Taxpayers and 'UML staffers rejoice. (Whatever became of the new radio studio and communications program that was promised? Nothing...)
 
raccoonradio said:
"It's basically an expensive program that, given our financial situation, doesn't make sense for the university," MacKenzie said. "I just felt we had other things that were higher on the priority list." Lydon, a renowned former host of The Connection, on National Public Radio, and a former print journalist for The Boston Globe and The New York Times, was making about $12,500 per month under the deal, in exchange for his production of Open Source, an hourlong talk show."

That's $150k per year to produce a one-hour talk show that aired four days a week, paid to him by what is, despite any delusions of the UML administration, a mostly State (taxpayer) funded mostly student college station! And, that's not even including the salaries of his producer and three other associates! Jeez...

And, I gather from the article that figure is only WUML. That doesn't include any income from WGBH or any other of the 32 syndicated national affiliates, or any sponsors or underwriters. Nice work if you can do it, I guess...
 
Another "personality" who believes his own publicity, and thinks that the broadcasting community owes him.
Another one who got greedy, and shot himself in the foot. Don't slam the studio door on your way out...

Leave college radio as a training ground for college students. I fondly remember my days at WMUA at UMass/Amherst...
 
What exactly is WUML training the students?

The type of radio you see at WUML, with no oversight on playlists (or much of anything) simply doesn't exist in the professional world anymore. And it hasn't for almost 10 years (more, arguably).

In fact, does WUML teach the kids about voicetracking? Automation? Computer management? Digital audio editing? Broadcast news reporting? Modern engineering? Promotions? Advertising/Underwriting? Fundraising? Programming management? Getting listeners? Last time I checked, WUML doesn't really teach any of those things. Maybe they give some training in how to do sportscasting but even that's something of a stretch given the differences I hear between WUML sportscasts and the sportscasts I hear on WEEI.

I don't feel that WUML needs to justify itself; it's college radio. Either that style of programming is good enough for you, or it isn't. But don't try and hide behind the total BS argument "it's a training ground".

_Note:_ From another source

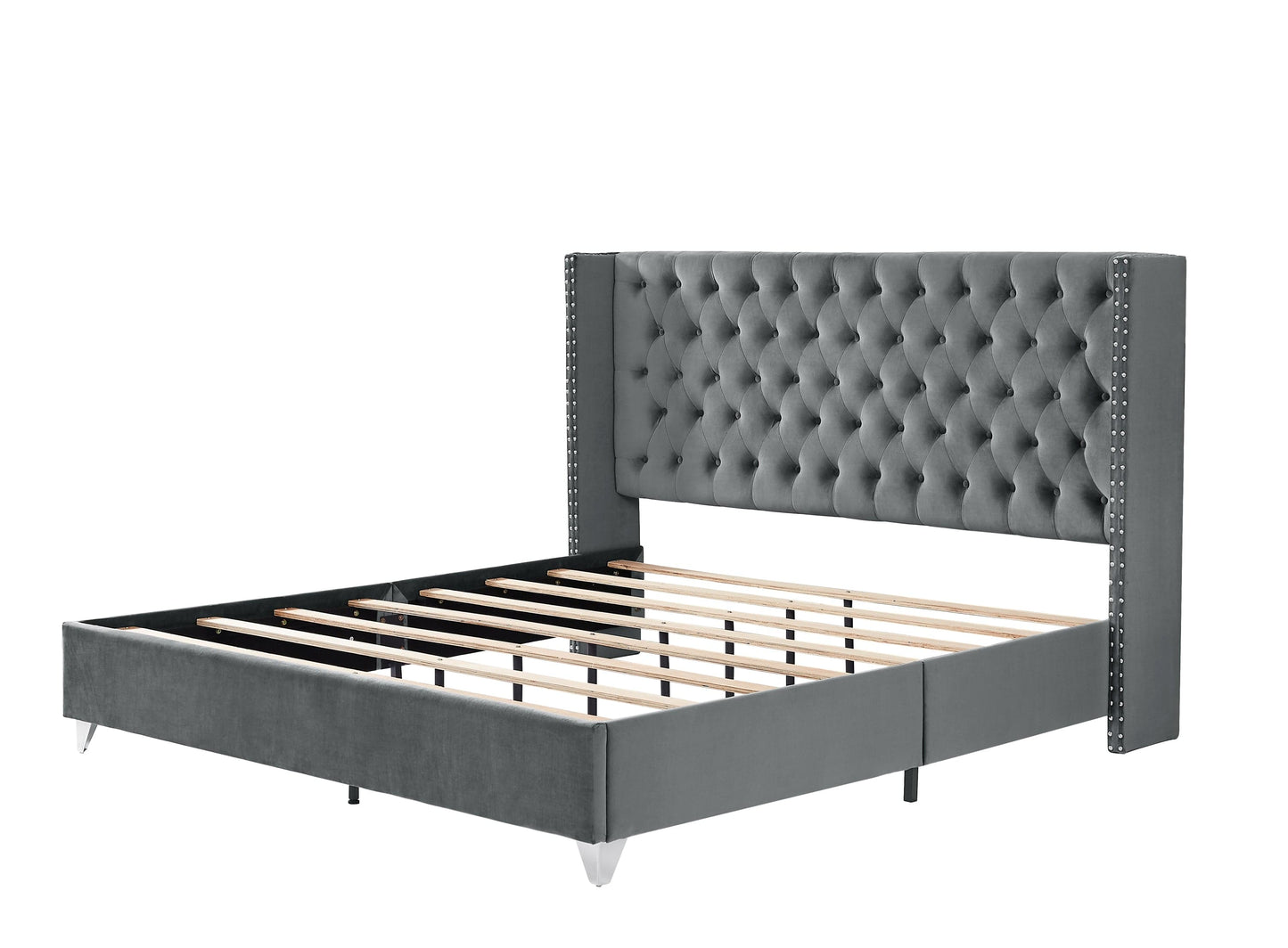 B100S King bed with two nightstands, Button designed Headboard,strong wooden slats + metal legs with Electroplate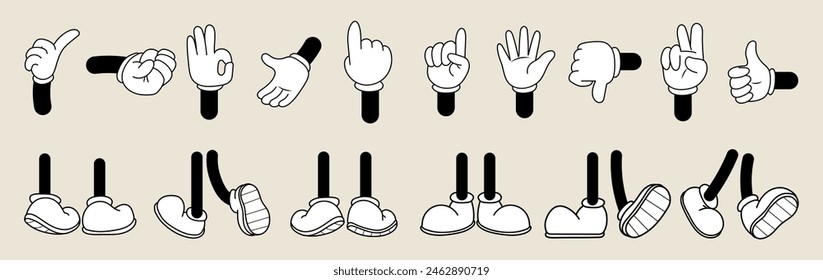 Set of 70s groovy comic hands and legs. Collection of cartoon character leg, hand in different emotions happy, angry, sad, cheerful. Cute retro groovy hippie illustration for decorative, sticker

I also think there's an awful lot of people with very strong opinions about how good/bad Open Source was for UMass Lowell and most of these people (myself included) have no idea of all the details and things that went on behind the scenes.
 
college radio, in general

This begs the larger question: what is a college/university education supposed to be about? Is it intellectual enlightenment - learning for the sake of learning - or is it vocational training to "get a job" when one graduates?
When I did college radio at UMass/Amherst, we were "free-form" radio (after all, it was the 1970's!) Was it run like a professional radio station? Absolutely not. It was a chance to make the mistakes that you could learn from. It was a chance to record your shows and listen to them over and over again, with a critical ear. It was a time to weed out those who wanted to dabble in radio as a sideline hobby, and those who wanted to pursue it seriously, as a profession. It was NOT "classes that start in Sept. will put you on the air by Jan." In real life, that is never gonna happen, nor should it...

I cannot speak for the UMass Lowell station, as I have never heard it. Hopefully, though, it has inspired the current crop of students who want to get into this crazy business. Best of luck to all of you - you'll need it!
 
One comment: it appears to me that "Open Source" hasn't been on WUML for months, although it appears in the station's schedule block at wuml.org. I have checked at least one day a week for months.
 
This is GREAT news!!!

WLTI/WJUL/WUML should be student run!

the students started that station, the students and alumni staff it, the students pay for it.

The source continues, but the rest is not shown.